_Task to complete_
Once you find the line with "Flamingo with Two" in the entries below, print it and each line after it up to and including the line with "梦到很久不见的同学怀孕了 梦见多年不见的老同学怀孕了", exactly, without pictures.

Materials provided START

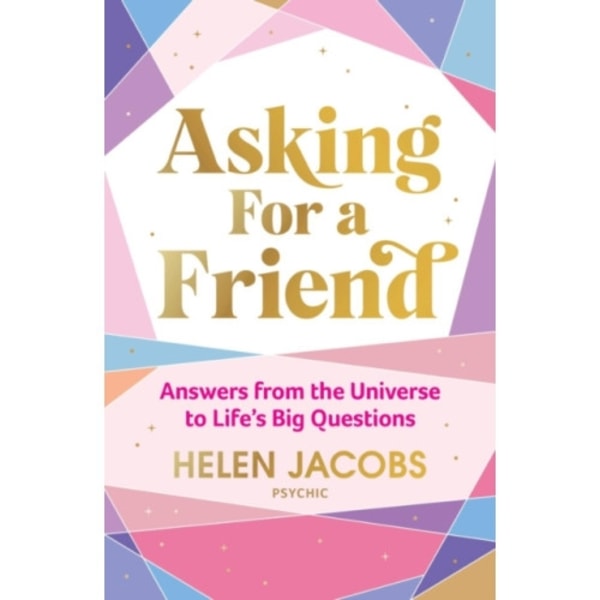Asking For A Friend: Answers From The Universe To Life's Big Questions (inbunden, eng)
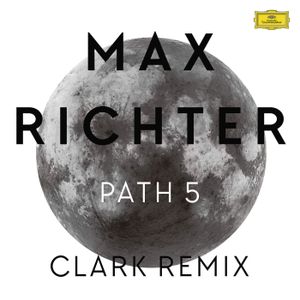 Path 5 (Clark remix / edit)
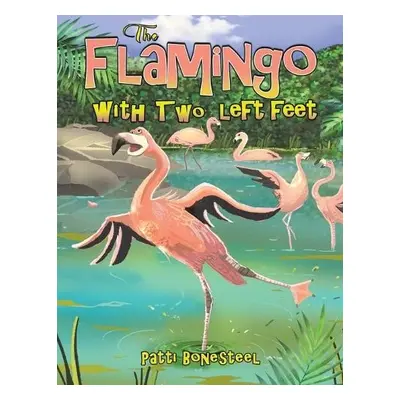 Flamingo with Two Left Feet - Bonesteel, Patti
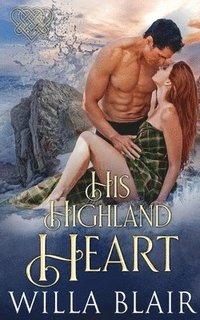 bokomslag His Highland Heart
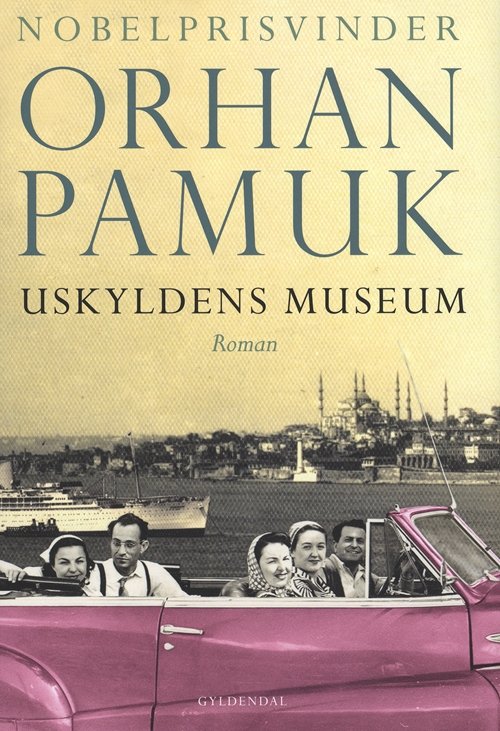 Cover for Orhan Pamuk · Uskyldens Museum (Indbundet Bog) [1. udgave] (2011)
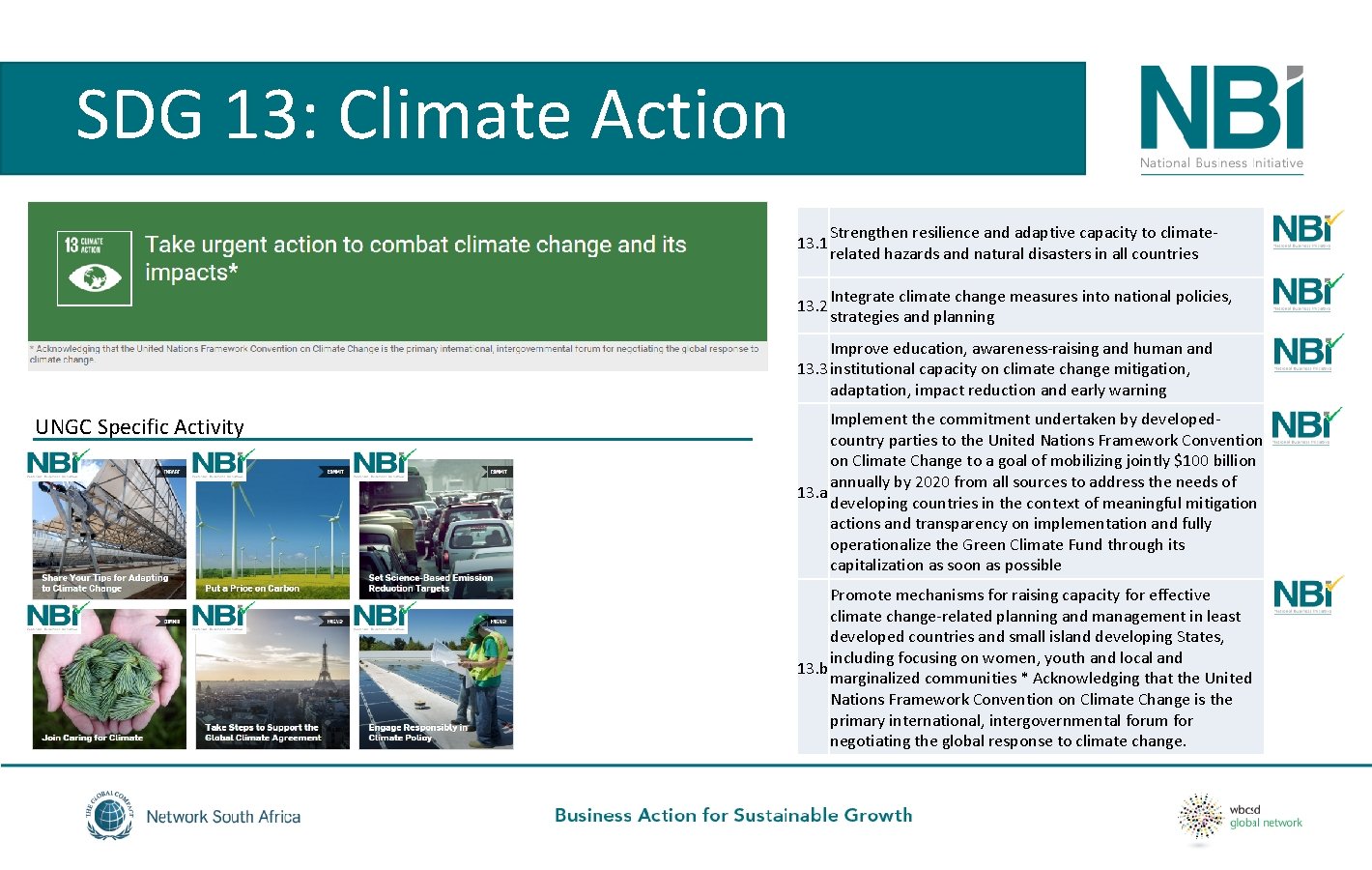 SDG 13: Climate Action 13. 1 Strengthen resilience and adaptive capacity to climaterelated hazards
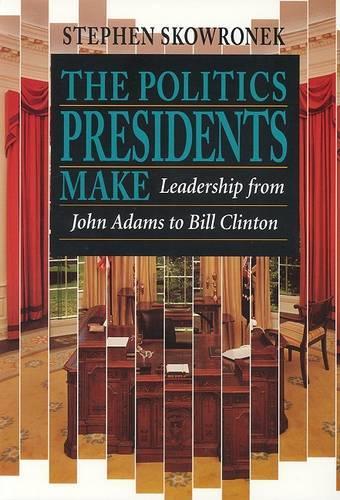 The Politics Presidents Make: Leadership from John Adams to Bill Clinton, Revised Edition (Paperback)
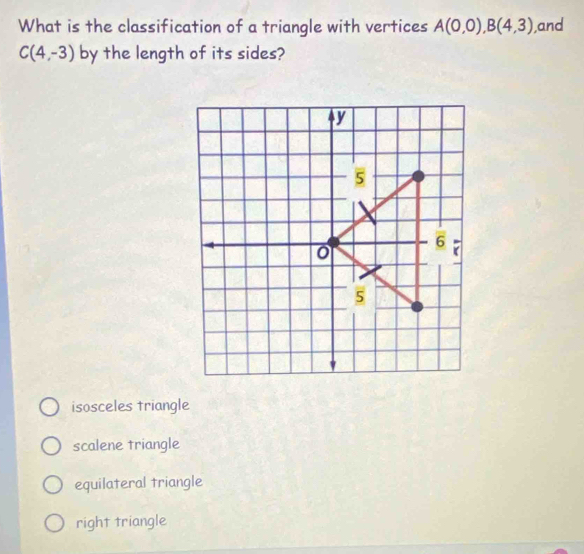 What is the classification of a triangle with vertices A(0,0), B(4,3) ,and
C(4,-3) by the length of its sides?
isosceles triangle
scalene triangle
equilateral triangle
right triangle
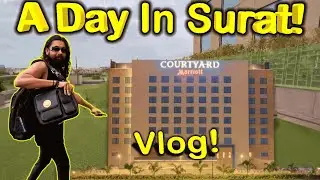 A Day In Surat At Hotel Courtyard by Marriott Surat | Sandy & Karan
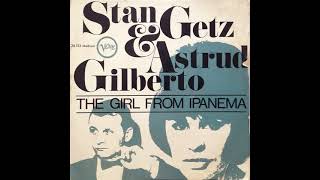 Stan Getz amp Astrud Gilberto  The Girl From Ipanema [upl. by Yliab130]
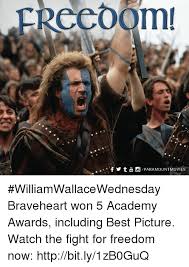 Find braveheart freedom funny memes image, wallpaper and background. 25 Best Memes About Braveheart Braveheart Memes
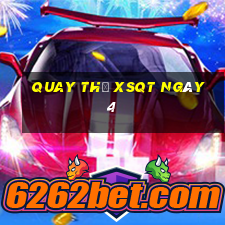 Quay thử XSQT ngày 4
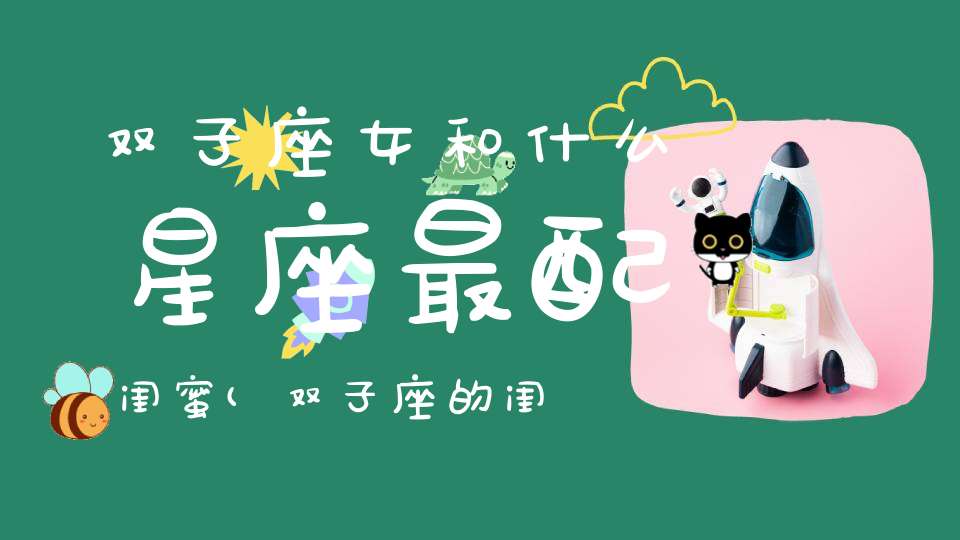 双子座女和什么星座最配闺蜜(双子座的闺蜜是什么星座)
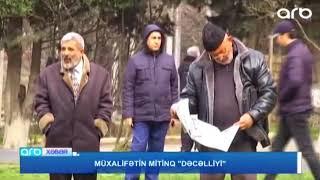 Muxalifetin mitinq decelliyi - ARB TV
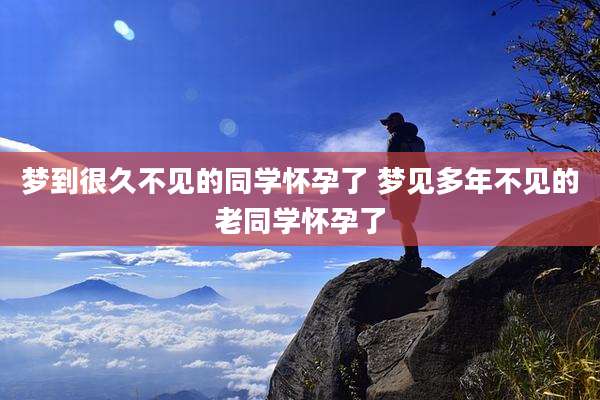 梦到很久不见的同学怀孕了 梦见多年不见的老同学怀孕了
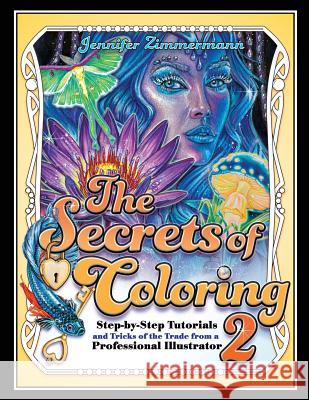 The Secrets of Coloring 2: Step-By-Step Tutorials and Tricks of the Trade from a Professional Illustrator Jennifer Zimmermann Jennifer Zimmermann 9780998929248 Full Circle Arts, LLC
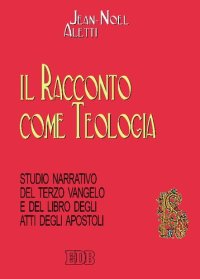 cover of the book Il racconto come teologia. Studio narrativo del terzo vangelo e del libro degli Atti degli Apostoli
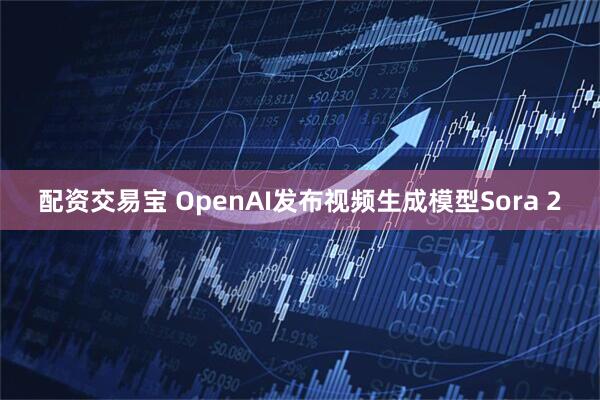配资交易宝 OpenAI发布视频生成模型Sora 2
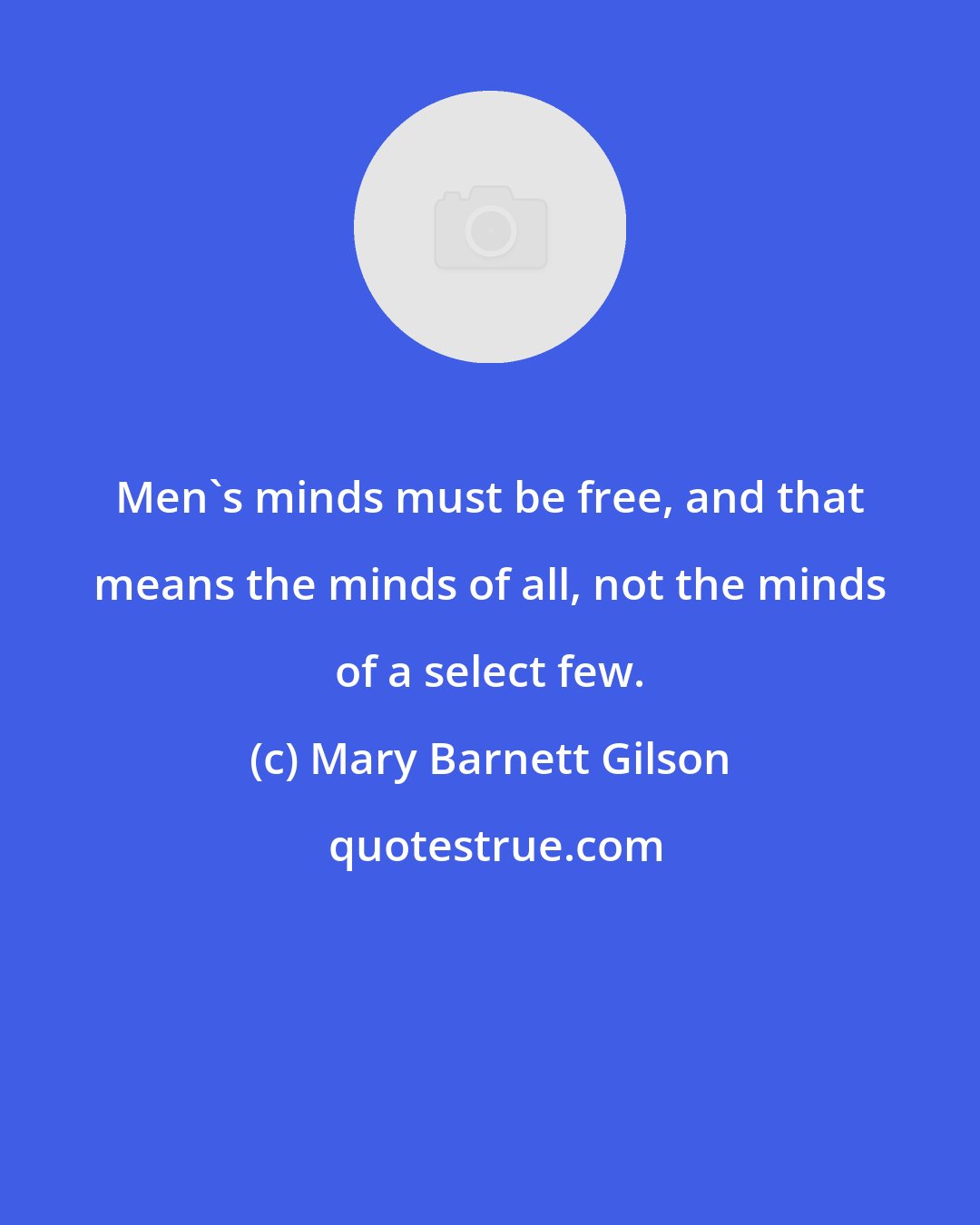 Mary Barnett Gilson: Men's minds must be free, and that means the minds of all, not the minds of a select few.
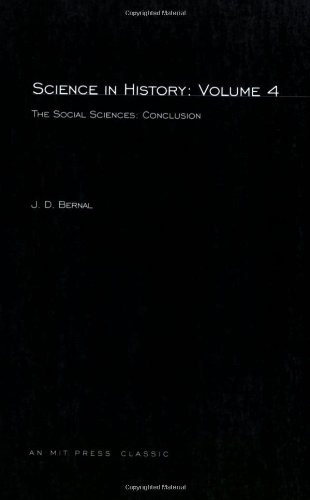 Science in History, Volume 4: The Social Sciences: A Conclusion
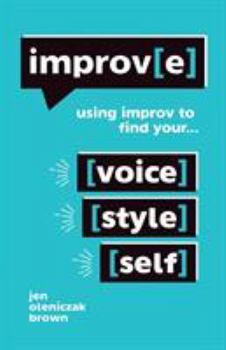 Paperback Improv(e): Using Improv to Find Your Voice, Style, and Self Book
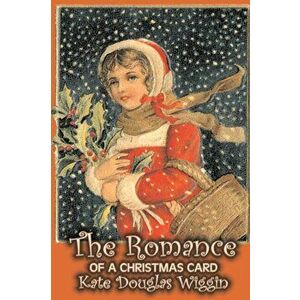 The Romance of a Christmas Card by Kate Douglas Wiggin, Fiction, Historical, United States, People & Places, Readers - Chapter Books, Paperback - Kate imagine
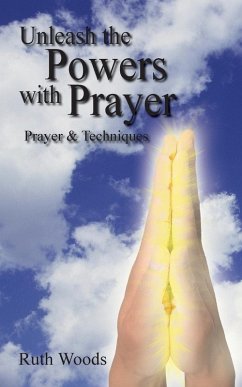 Unleash the Powers with Prayer - Woods, Ruth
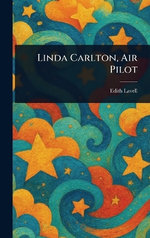 Linda Carlton, Air Pilot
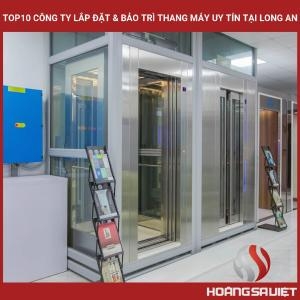Top10 Công Ty Lắp Đặt & Bảo Trì Thang Máy Uy Tín Tại Long An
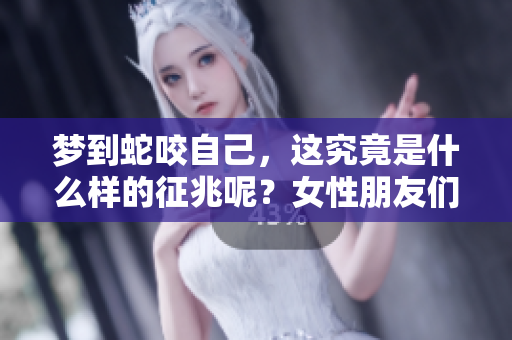 梦到蛇咬自己，这究竟是什么样的征兆呢？女性朋友们要注意哪些方面呢？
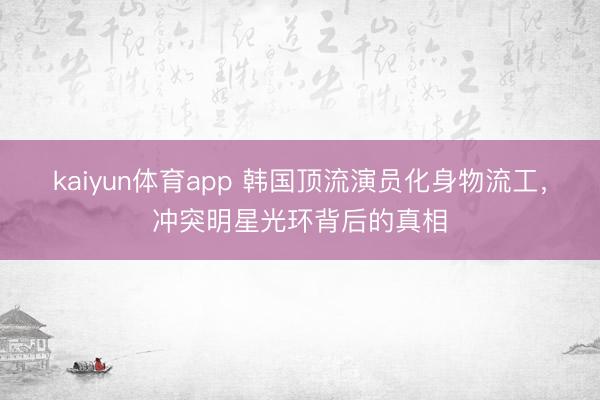 kaiyun体育app 韩国顶流演员化身物流工，冲突明星光环背后的真相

Materials provided END

_Written solution_
 Flamingo with Two Left Feet - Bonesteel, Patti
 bokomslag His Highland Heart
 Cover for Orhan Pamuk · Uskyldens Museum (Indbundet Bog) [1. udgave] (2011)
 SDG 13: Climate Action 13. 1 Strengthen resilience and adaptive capacity to climaterelated hazards
 The Politics Presidents Make: Leadership from John Adams to Bill Clinton, Revised Edition (Paperback)
 What is the classification of a triangle with vertices A(0,0), B(4,3) ,and
C(4,-3) by the length of its sides?
isosceles triangle
scalene triangle
equilateral triangle
right triangle
 A Day In Surat At Hotel Courtyard by Marriott Surat | Sandy & Karan
 Stan Getz amp Astrud Gilberto  The Girl From Ipanema [upl. by Yliab130]
 Find braveheart freedom funny memes image, wallpaper and background. 25 Best Memes About Braveheart Braveheart Memes
 Quay thử XSQT ngày 4
 双子座女和什么星座最配闺蜜(双子座的闺蜜是什么星座)
 Muxalifetin mitinq decelliyi - ARB TV
 梦到很久不见的同学怀孕了 梦见多年不见的老同学怀孕了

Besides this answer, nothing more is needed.